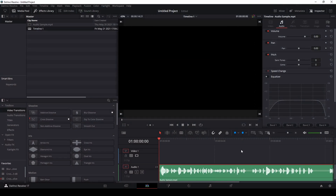To get started on improving our sound quality in DaVinci Resolve 17, the first thing I've done is generated an audio file of me saying a sentence and imported that into DaVinci Resolve 17 so that we have something to work with. I'm going to play you that sound file just so you can hear what it sounds like before we do anything to it.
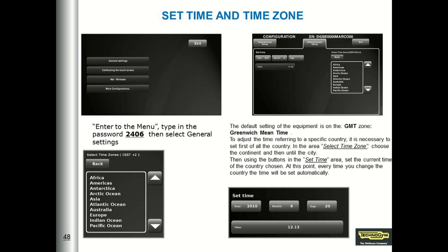To set time and timezone, we still have to enter menu 2406, and under General Settings, we can select the time zone and enter the date and time.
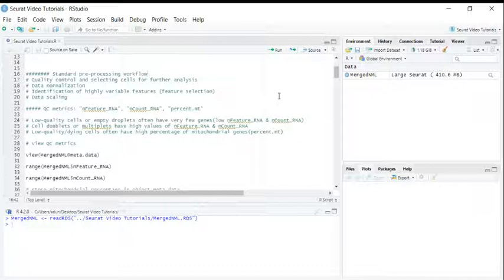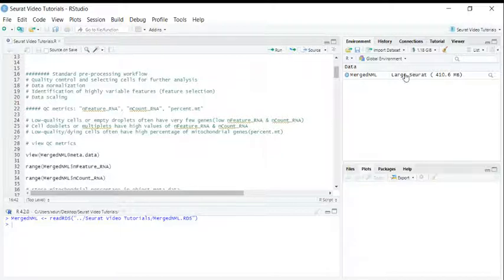Hi everyone, welcome back to my short video tutorials. So now we have a merged object.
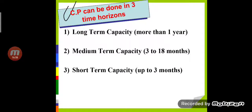Capacity planning can be done in three time horizons: long-term capacity planning, medium-term capacity planning, and short-term capacity planning. Long-term capacity is more than one year. Medium-term capacity is 3 to 18 months. Short-term capacity is up to 3 months. Long-term capacity means we are deciding the production capacity of the organization for more than one year. When deciding month-wise for 3 to 18 months, it is called medium-term capacity.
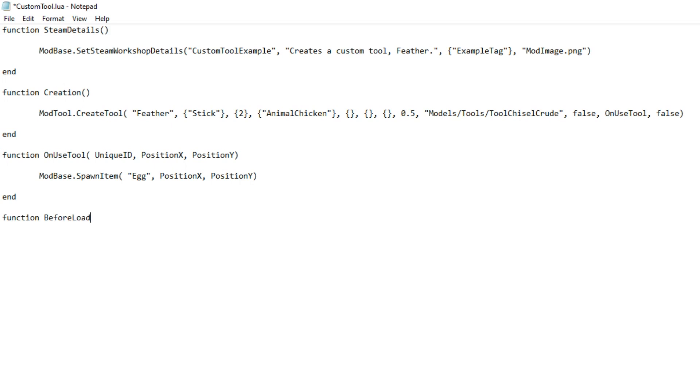Last function. Where's the feather going to come from? Where will it be made? We need to use what's called a converter, and we're going to use the workbench. We add the recipe to the workbench and we're all done.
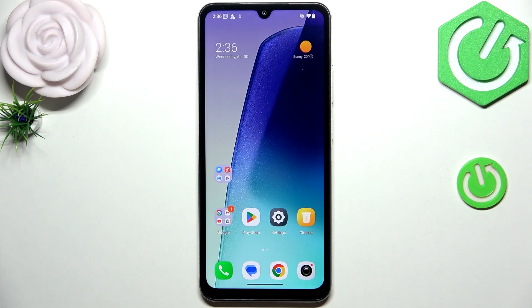Hi everyone, in front of me I've got a Redmi A5 and let me share with you how to change the ringtone on this device.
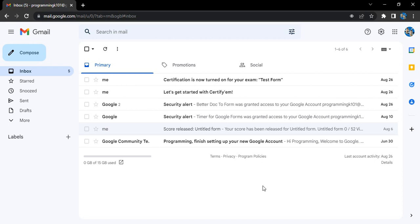Hello everyone, welcome to Gmail tutorials. In this video we are going to see how you can change the profile picture of your Gmail account. The first prerequisite is you should have a Gmail account.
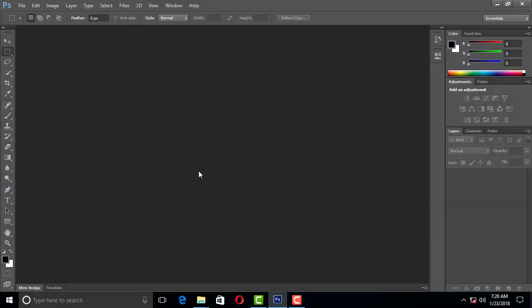When we open the Photoshop interface, we will see the file, edit, image, and layer options. You can find the menu bar. You can also find the feather and style options in the option bar.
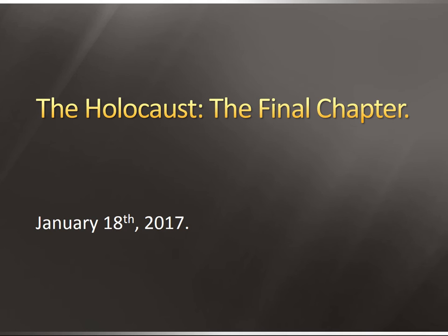Welcome back. As I mentioned during the last recorded lesson, we're going to look at two parts of the Holocaust, and this is the second part, called the Final Chapter. A lot of the material can be disturbing and upsetting, and I want to give you a heads up because we are going to talk about violence and some very disturbing things that happened to those in the Holocaust.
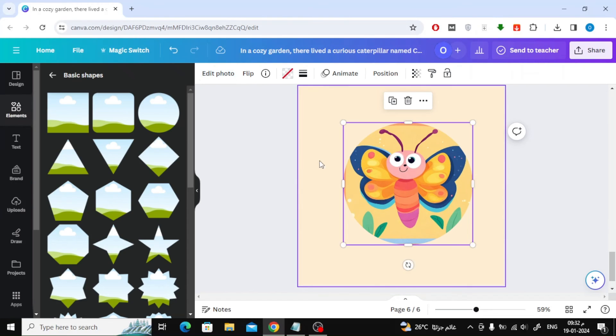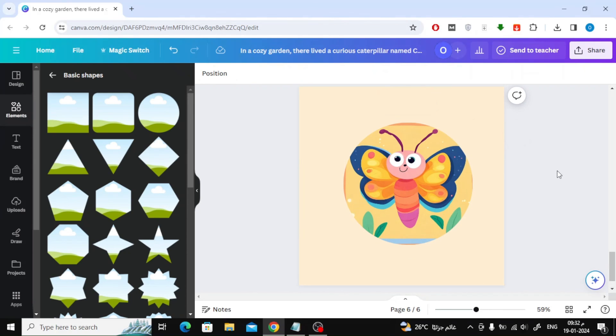That's all for today. This was a quick video on how to change square picture to circle in Canva. Thanks for watching and don't forget to like and subscribe to the channel.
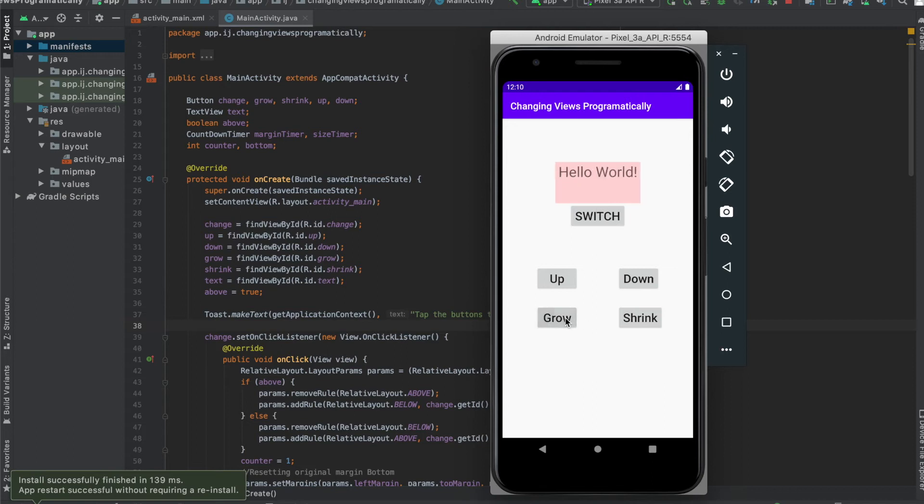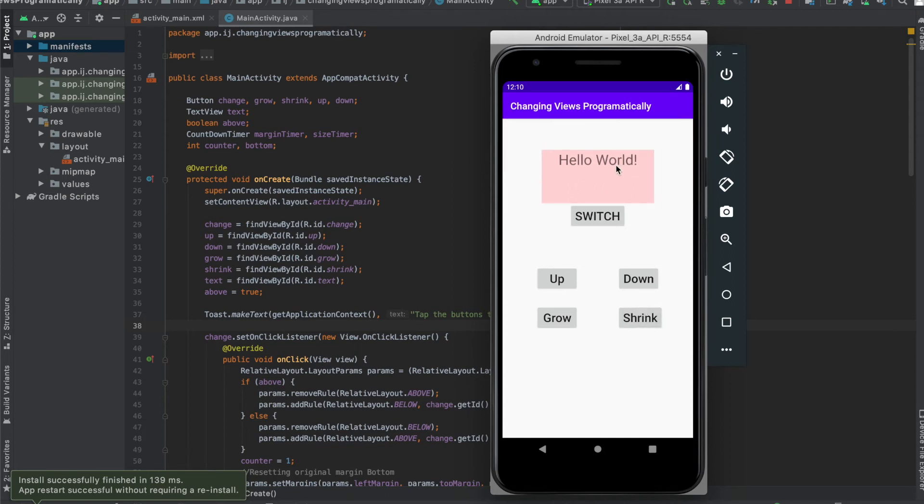We have the grow button, which increases the size of the text view. It does this by changing the width and height. We have the shrink button, which decreases the width and height and makes our text view smaller.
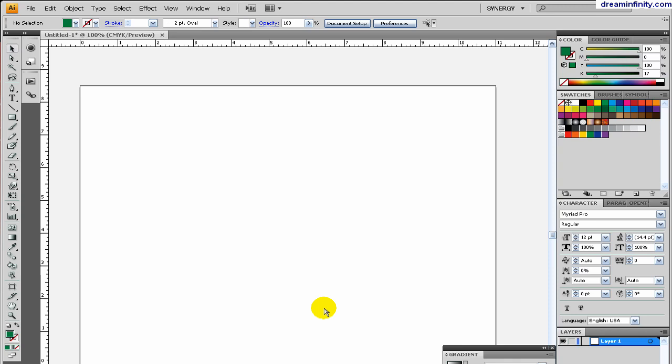Hello and welcome to Dream Infinity Studio's tutorial on Artboard Tool. This is a tutorial strictly for Creative Suite 4, so if you don't have CS4, you can't really follow through with it because this is a really significant tool that CS4 has added. So if you don't have it, upgrade or just watch the video later on when you get it.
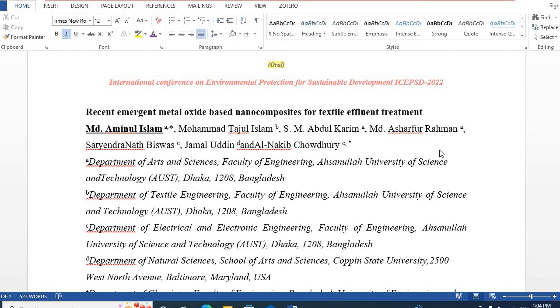Hello dear friends, this is Dr. Mahmoud Rabanislam. Welcome to my channel. In my previous videos, I explained various aspects of research items.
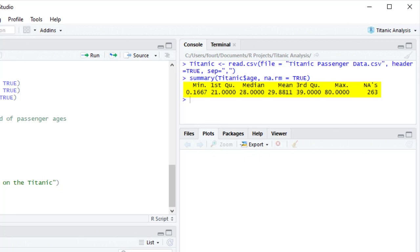The function gave me two additional statistics. It provided the mean, which is technically not part of the five-number summary, but still a very important statistic. And it tells us how much of the data is missing for this variable — we don't have ages for 263 of the passengers.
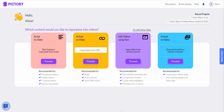Hello, and welcome to today's video. I'll be showing you whether Pictory is worth it or not by doing a review and demo. Let's get started.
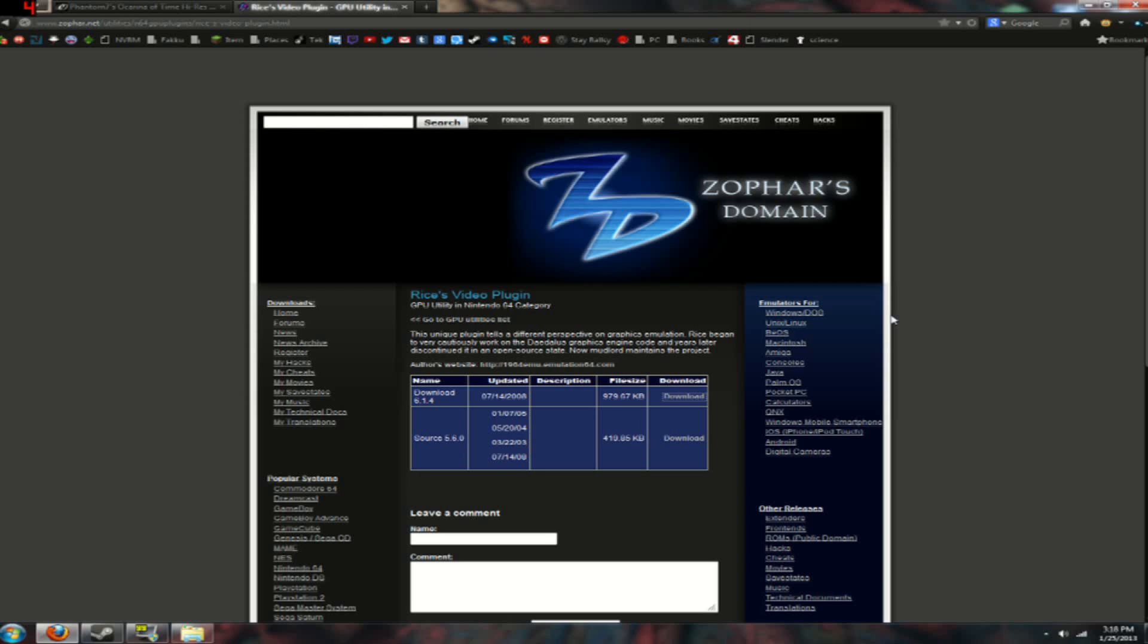Hello everyone and welcome to a tutorial that I did a long time ago but I never uploaded it because it was shit. But I'm uploading it now hopefully. And anyway, this is how to install a high resolution texture pack for your N64 games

▶ _TASK_
Could you output exactly the lines above, from the line with "That's all for" up to and including the line with "Hello, and welcome", and nothing else, skipping the pictures?

▶ _SOLUTION TO THE EXERCISE_
That's all for today. This was a quick video on how to change square picture to circle in Canva. Thanks for watching and don't forget to like and subscribe to the channel.
We have the grow button, which increases the size of the text view. It does this by changing the width and height. We have the shrink button, which decreases the width and height and makes our text view smaller.
Hello and welcome to Dream Infinity Studio's tutorial on Artboard Tool. This is a tutorial strictly for Creative Suite 4, so if you don't have CS4, you can't really follow through with it because this is a really significant tool that CS4 has added. So if you don't have it, upgrade or just watch the video later on when you get it.
Hello dear friends, this is Dr. Mahmoud Rabanislam. Welcome to my channel. In my previous videos, I explained various aspects of research items.
The function gave me two additional statistics. It provided the mean, which is technically not part of the five-number summary, but still a very important statistic. And it tells us how much of the data is missing for this variable — we don't have ages for 263 of the passengers.
Hello, and welcome to today's video. I'll be showing you whether Pictory is worth it or not by doing a review and demo. Let's get started.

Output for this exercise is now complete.